[Opening Exercise data section]

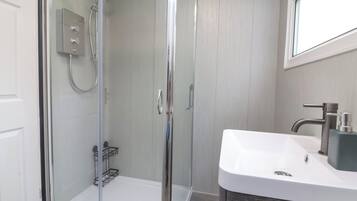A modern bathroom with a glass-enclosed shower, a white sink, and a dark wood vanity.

[Closing Exercise data section]
[Opening Exercise data section]

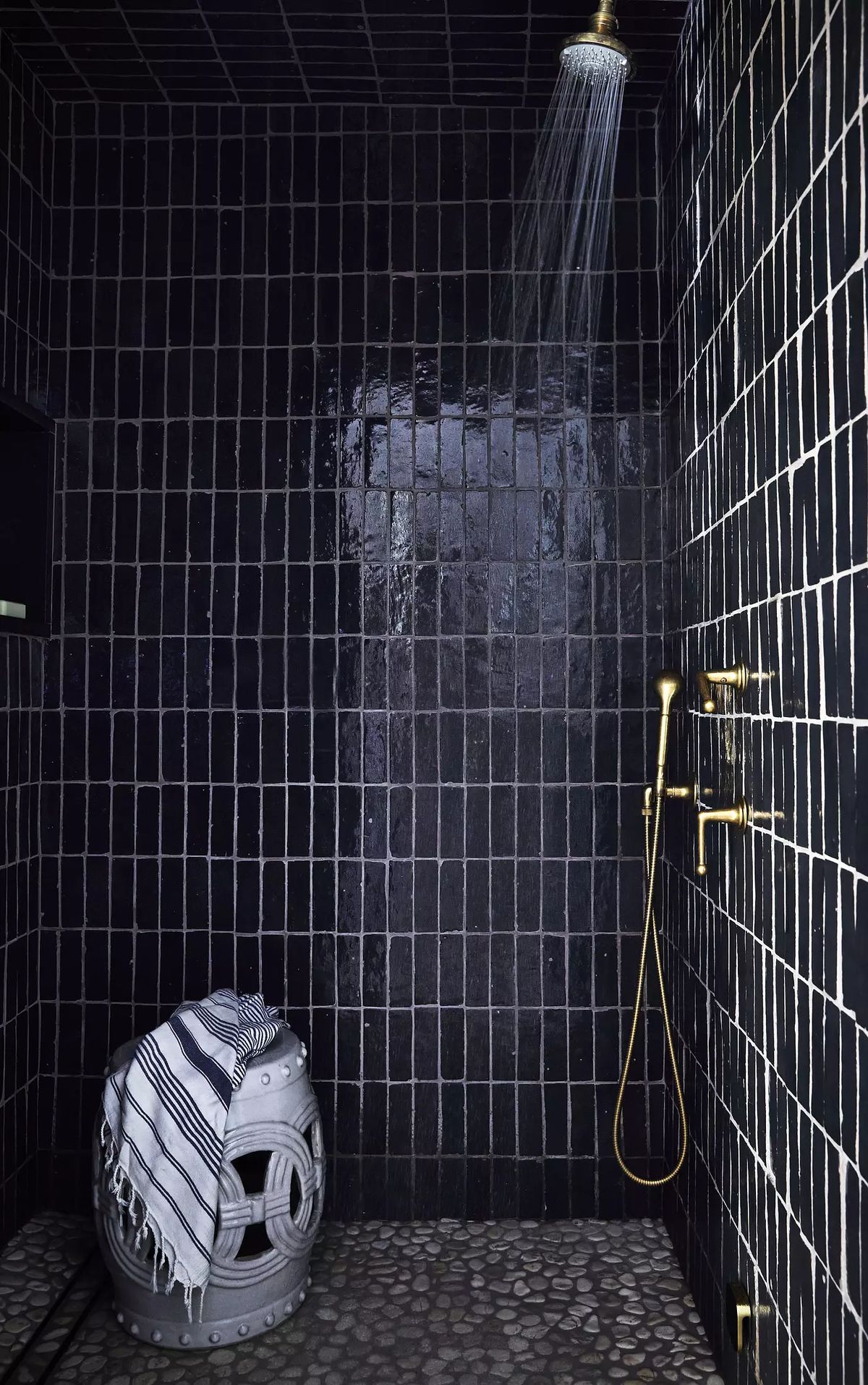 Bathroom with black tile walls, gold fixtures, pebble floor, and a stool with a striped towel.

[Closing Exercise data section]
[Opening Exercise data section]

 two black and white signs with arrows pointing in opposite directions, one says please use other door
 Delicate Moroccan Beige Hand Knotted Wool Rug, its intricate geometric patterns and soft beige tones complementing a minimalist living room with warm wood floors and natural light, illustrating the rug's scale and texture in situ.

[Closing Exercise data section]

# Aim of the exercise
Reproduce exactly, and with no other material, the lines between those holding "two black and" and "Delicate Moroccan Beige", inclusive.

# Answer to this task
 two black and white signs with arrows pointing in opposite directions, one says please use other door
 Delicate Moroccan Beige Hand Knotted Wool Rug, its intricate geometric patterns and soft beige tones complementing a minimalist living room with warm wood floors and natural light, illustrating the rug's scale and texture in situ.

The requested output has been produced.